Member qualifications include;


1. A clear understanding of the role of Organization and its services. 2. Financial literacy/expertise (at a minimum, the ability to read and understand financial statements). 3. Courage to ask probing questions and to follow up for answers. 4. Ability to see the big picture. 5. A commitment to safeguard the organization and its assets. 6. A commitment to the staff (employees and volunteers) of the organization. 7. A commitment that the organization will report fairly, accurately, and regularly on its activities and condition. 8. Willingness to do the right thing, not just do things right.

1. Selecting the audit firm to conduct an independent audit of the organizations financial statements. 2. Reviewing and approving the audit scope and fees. 3. Reviewing and approving any proposed involvement of the audit firm in activities other than the annual audit. 4. Ensuring a direct line of communications with the organizations auditor. 5. Providing oversight of managements performance with respect to required and recommended financial responsibilities and disclosure. 6. Consider and review, with management and the auditors, the adequacy of the organization's risk management methodology and internal controls, including computerized information system controls and security.

7. Providing oversight of the organizations conflict of interest policy and keeping the board apprised of any changes required in the policy or its implementation. 8. Reviewing the adequacy of financial reports provided by the board and making recommendations for their improvement. 9. Reviewing and addressing the management letter and auditors comments. 10. Review any serious difficulties or disputes with management encountered during the course of the audits. 11. Review other matters related to the conduct of the audits that are to be communicated to the Committee under generally accepted auditing standards.

Best Practices for the Audit Committee


1. An illustrative list of communication practices
The Audit Committee should always make the external auditor aware of any issues which keep them awake at night. Likewise, the external auditor should inform the audit committee of any concerns they have.

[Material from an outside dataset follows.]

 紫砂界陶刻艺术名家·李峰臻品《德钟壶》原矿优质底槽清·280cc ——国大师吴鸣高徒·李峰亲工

2. Regular meetings The chairperson of the audit committee must be available to the external auditor on a regular basis.
3. Interaction with the audit firm It is important to the success of the audit committee's relationship with the external auditor that the chairperson be consulted with respect to the senior audit team members assigned to the corporation. The chairperson should get to know the lead audit partner and his or her senior team members. 4. Determination and disclosure of audit fees Clause 49 II (D) empowers the audit committee to recommend to the board the audit fees to be paid to the statutory auditors and approve payment to statutory auditors for any other services rendered by them.

5. Statement of corporate governance practices The revised clause 49 of the listing agreement with stock exchanges in its Annexure VI suggests that the following be included in the Report on Corporate Governance in the Annual Report of the companies with reference to the audit committee (A separate report by the Audit Committee is not required): Brief description of terms of reference Composition, name of members and the chairperson Meetings and attendance during the year 6. Evaluation of the external auditor

An important responsibility of the audit committee is to evaluate the external auditor's performance. Clause 49 empowers the audit committee to recommend to the board, the appointment, re-appointment and, if required, the replacement or removal of the statutory auditor and the fixation of audit fees and approval of payment to statutory auditors for any other services rendered by the statutory auditors.